If you pass a specific path to svn status
, you get information about that item alone:
$ svn status stuff/fish.c
D stuff/fish.c
The svn status
command also has a --verbose
(-v
) option, which shows you the status of every item in your working copy, even if it has not been changed:
$ svn status -v
M 44 23 sally README
44 30 sally INSTALL
M 44 20 harry bar.c
44 18 ira stuff
44 35 harry stuff/trout.c
D 44 19 ira stuff/fish.c
44 21 sally stuff/things
A 0 ? ? stuff/things/bloo.h
44 36 harry stuff/things/gloo.c
This is the long form output of svn status
. The letters in the first column mean the same as before, but the second column shows the working-revision of the item. The third and fourth columns show the revision in which the item last changed, and who changed it.
None of the prior invocations to svn status
contact the repository — instead, they compare the metadata in the .svn
directory with the working copy. Finally, there is the --show-updates
(-u
) option, which contacts the repository and adds information about things that are out-of-date:
$ svn status -u -v
M * 44 23 sally README
M 44 20 harry bar.c
* 44 35 harry stuff/trout.c
D 44 19 ira stuff/fish.c
A 0 ? ? stuff/things/bloo.h
Status against revision: 46
Notice the two asterisks: if you were to run svn update
at this point, you would receive changes to README
and trout.c
. This tells you some very useful information -- you need to update and get the server changes on README
before you commit, or the repository will reject your commit for being out-of-date. (More on this subject later.)
The svn status
command can display much more information about the files and directories in your working copy than we've shown here — for an exhaustive description of svn status
and its output, see svn status
.
svn diff
Another way to examine your changes is with the svn diff
command. You can find out exactly how you've modified things by running svn diff
with no arguments, which prints out file changes in unified diff format:
$ svn diff
Index: bar.c
===================================================================
--- bar.c (revision 3)
+++ bar.c (working copy)
@@ -1,7 +1,12 @@
+#include <sys/types.h>
+#include <sys/stat.h>
+#include <unistd.h>
+
+#include <.stdio.h>
int main(void) {
- printf("Sixty-four slices of American Cheese...\n");
+ printf("Sixty-five slices of American Cheese...\n");
return 0;
}
Index: README
===================================================================
--- README (revision 3)
+++ README (working copy)
@@ -193,3 +193,4 @@
+Note to self: pick up laundry.
Index: stuff/fish.c
===================================================================
--- stuff/fish.c (revision 1)
+++ stuff/fish.c (working copy)
-Welcome to the file known as 'fish'.
-Information on fish will be here soon.
Index: stuff/things/bloo.h
===================================================================
--- stuff/things/bloo.h (revision 8)
+++ stuff/things/bloo.h (working copy)
+Here is a new file to describe
+things about bloo.
The svn diff
command produces this output by comparing your working files against the cached pristine copies within the .svn
area. Files scheduled for addition are displayed as all added text, and files scheduled for deletion are displayed as all deleted text.

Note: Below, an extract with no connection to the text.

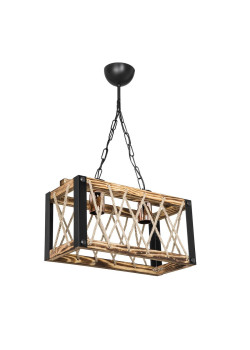 Подвесной светильник Toplight Sharron TL1652H-02WD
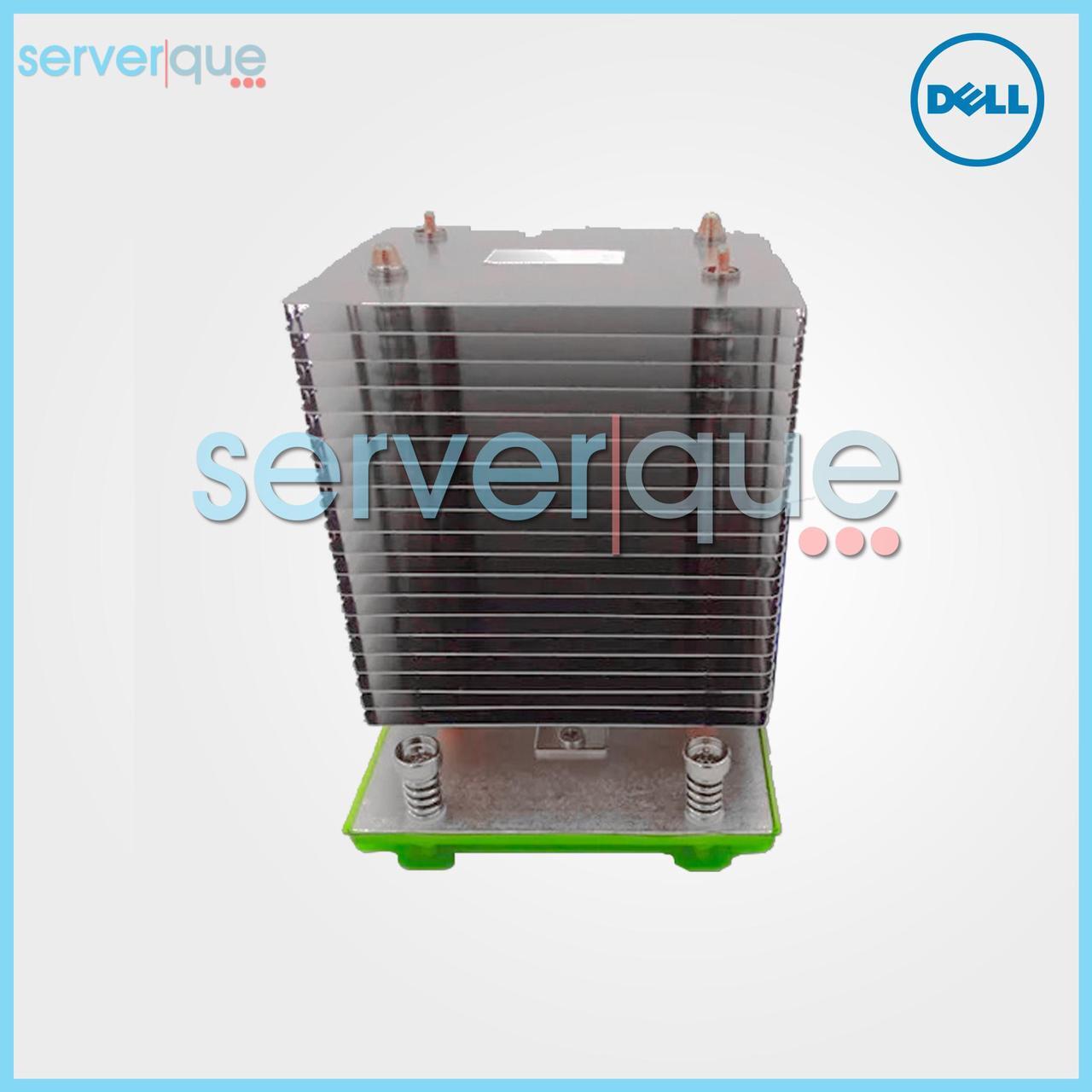 Alt view image 2 of 3 - WC4DX Dell PowerEdge T430 Screw Down CPU Cooling Heatsink 0WC4DX NEW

Output is displayed in unified diff format. That is, removed lines are prefaced with - and added lines are prefaced with +. The svn diff
command also prints filename and offset information useful to the patch program, so you can generate patches by redirecting the diff output to a file:
svn diff > patchfile
You could, for example, email the patch file to another developer for review or testing prior to commit.
Subversion uses its internal diff engine, which produces unified diff format, by default. If you want diff output in a different format, specify an external diff program using --diff-cmd
and pass any flags you'd like to it using the --extensions
(-x
) option. For example, to see local differences in file foo.c
in context output format while ignoring case differences, you might run svn diff --diff-cmd /usr/bin/diff --extensions '-i' foo.c
.
4.8. Undoing Working Changes
Suppose while viewing the output of svn diff
you determine that all the changes you made to a particular file are mistakes. Maybe you shouldn't have changed the file at all, or perhaps it would be easier to make different changes starting from scratch.
This is a perfect opportunity to use svn revert
:
$ svn revert README
Reverted 'README'
Subversion reverts the file to its pre-modified state by overwriting it with the cached pristine copy from the .svn
area. But also note that svn revert
can undo any scheduled operations -- for example, you might decide that you don't want to add a new file after all:
$ svn status foo
? foo
$ svn add foo
A foo
$ svn revert foo
Reverted 'foo'
$ svn status foo
? foo
Note: svn revert ITEM
has exactly the same effect as deleting ITEM
from your working copy and then running svn update -r BASE ITEM
. However, if you're reverting a file, svn revert
has one very noticeable difference -- it doesn't have to communicate with the repository to restore your file. Which is very useful if you're working disconnected from the coffeeshop.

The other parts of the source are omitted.